Hallucination is a mental condition, which could manifest in hearing voices, seeing or smelling things that do not exist.
It is distinguishable from delusion, which is a consequence of false belief that appears real, but is not.
While hallucination is sensory-driven, delusion is mind-rooted. Anyone is susceptible to hallucination.
However, it is particularly damaging when it inflicts a cleric because it could potentially cause him to alter the course of his ministry in deference to the voices.
And because it is difficult to determine the source of the voices, he could take millions of people away from the “right path.”
Believe it or not, I am a Christian and I try to practice what the Holy Book prescribes with the grace that the Almighty bestowed me.
In addition, I have very deep respect for the clergy as “fellow servants” of the Most High.
I used the phrase “fellow servants “with all responsibility because I am equally a fellow servant; at least the Bible says I am.
As much as I respect the clergy, I am also critical about the way some of them use their position to advance their personal views especially when they say, “And God told me.”
From my experience and observation, some of their interpretation of the scripture and their conduct oftentimes is colored by chauvinism, egocentrism, lack of sense of history, and the result of undiagnosed or misdiagnosed mental condition.
Each day I pray, I am reminded to ask for God’s extension of His blessings to the genuine and selfless workers in His vineyard.
Indeed, the genuine workers provide great services as the custodians of the spiritual and moral light that guide our paths.
Equally, I pray that the nexus between my heart and my head be guarded to discern the thieves in cassock who use the Holy Book as a pretext to gain access to my wallet as well as those who will not hesitate to tell me, “Thus says the Lord.”
Furthermore, I believe that a cleric should be free to express his opinion on anything.
As much as his vocation majors in the ethereal, he is as much a part of our reality.
We are not in heaven yet and the policies of our government affect him just as they affect the rest of us.
For instance, a cleric’s sustenance, especially if he is “full time” (whatever it means), is contingent on the willingness of those of us who warm the pews each Sunday morning to open up our wallets.
When a cleric makes the case about how God promised to supply all his (Cleric’s) needs according to His riches in glory by Christ Jesus, I understand him to mean that he hopes and prays that those of us listening to him will be successful in our endeavors in order to ensure his steady supply of food, provide him with a new car, or build him a befitting parsonage.
The idea being that the “man of God” should enjoy a modicum of comfort to continue the divine mandate of extending the work of God to the uttermost parts of the earth.
Thus, a government’s policy that frustrates our economics justifiably should concern him.
The divine mandate is to preach the good news and make disciples of all people.
However, the spreading of the good news does not include collection of money (taxes) from unsuspecting congregants to build schools that charge extortionate tuitions, neither does it include setting up a cleric’s economic empire, which ultimately goes to his sons, daughters, wife, or even girl friends in exceptional cases.
The good news does not include a life of riotous spending or flamboyance that are demonstrated in the acquisition of material possessions such as expensive toys that are used to oppress the very creation of God they profess to shepherd.
It does not include exchange of “holy water” for money, the origin of which I have been at pains to locate in the Holy Book.
It does not include taking advantage of the economic circumstances of the poor and the uninformed for pecuniary gains.
I mean the gospel that declares, “Freely you have received, freely give.”
I apologize for the detour.

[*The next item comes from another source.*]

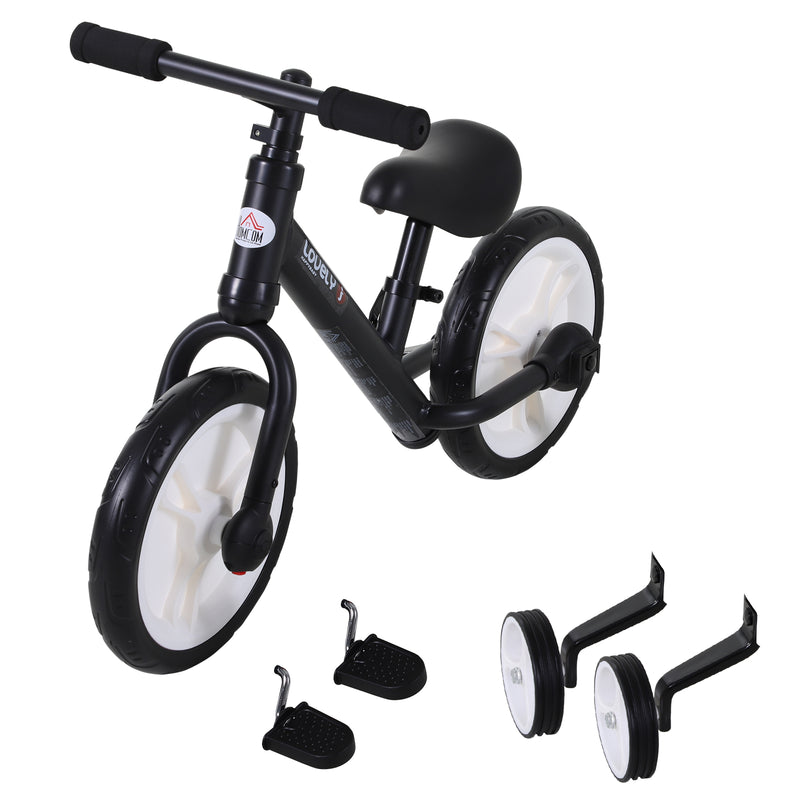 Toddler Balance Bike with Stabalisers - Black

In any event, free speech is the prerogative of every human being including members of the clergy.
It is a fundamental right principle that provides that everything that has brains; thinks rationally or irrationally, and verbal or non-verbal could hold any opinion and disseminate it within the bounds permitted by law.
The beauty of free speech is that I could disagree with anyone on any issue and still defend the person’s right to challenge my position, including the right to poke fun at me.
I have learned that if I sat idly by and watched government violate another’s right to free speech without challenge, my own free speech was under threat.
I consider free speech as one of the greatest gifts, which every right-thinking human being should embrace.